══ DATA EXTRACT ══
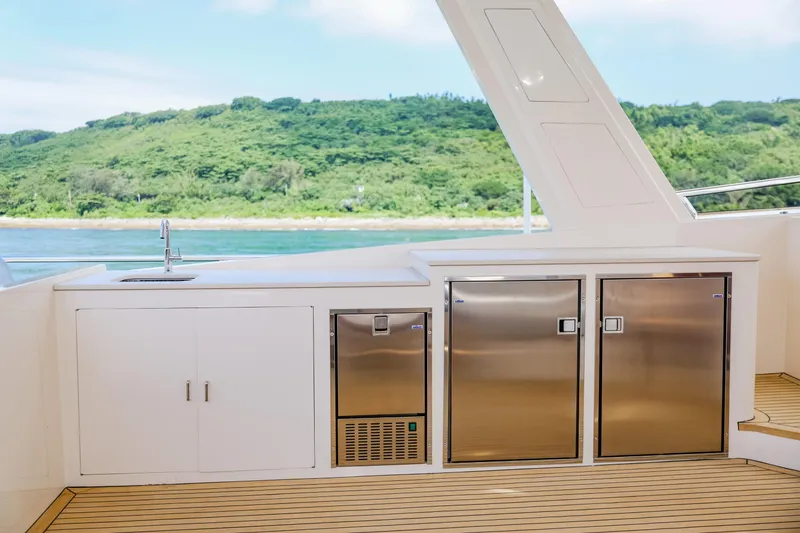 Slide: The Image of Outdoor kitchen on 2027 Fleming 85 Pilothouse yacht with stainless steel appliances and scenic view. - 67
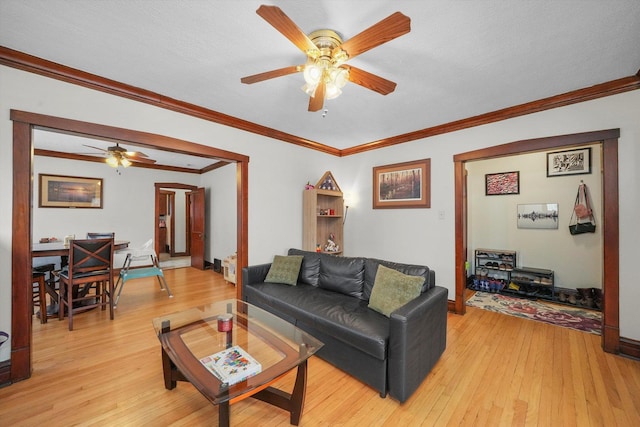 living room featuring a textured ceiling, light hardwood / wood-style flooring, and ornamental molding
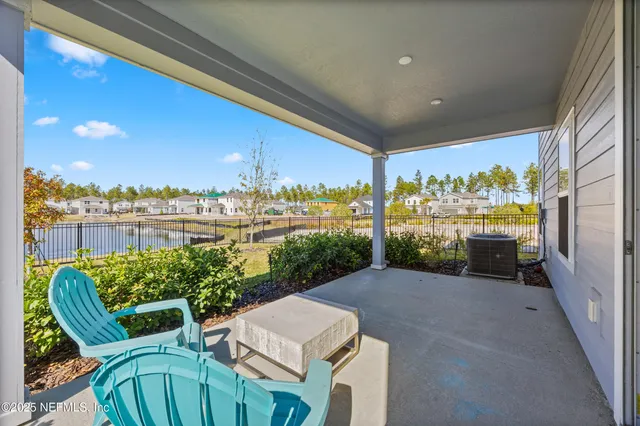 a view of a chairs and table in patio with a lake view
═══
══ DATA EXTRACT ══
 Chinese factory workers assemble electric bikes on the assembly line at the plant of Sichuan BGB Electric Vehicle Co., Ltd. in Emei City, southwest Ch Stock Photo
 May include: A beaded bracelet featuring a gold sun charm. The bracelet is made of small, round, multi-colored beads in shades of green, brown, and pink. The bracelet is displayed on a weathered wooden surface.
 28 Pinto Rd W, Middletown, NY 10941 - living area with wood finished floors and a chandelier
═══
Would you please repeat only the lines above, beginning at the one that has "Slide: The Image" and stopping after the one that has "a view of a", exactly and with no pictures?

### FINISHED EXERCISE
 Slide: The Image of Outdoor kitchen on 2027 Fleming 85 Pilothouse yacht with stainless steel appliances and scenic view. - 67
 living room featuring a textured ceiling, light hardwood / wood-style flooring, and ornamental molding
 a view of a chairs and table in patio with a lake view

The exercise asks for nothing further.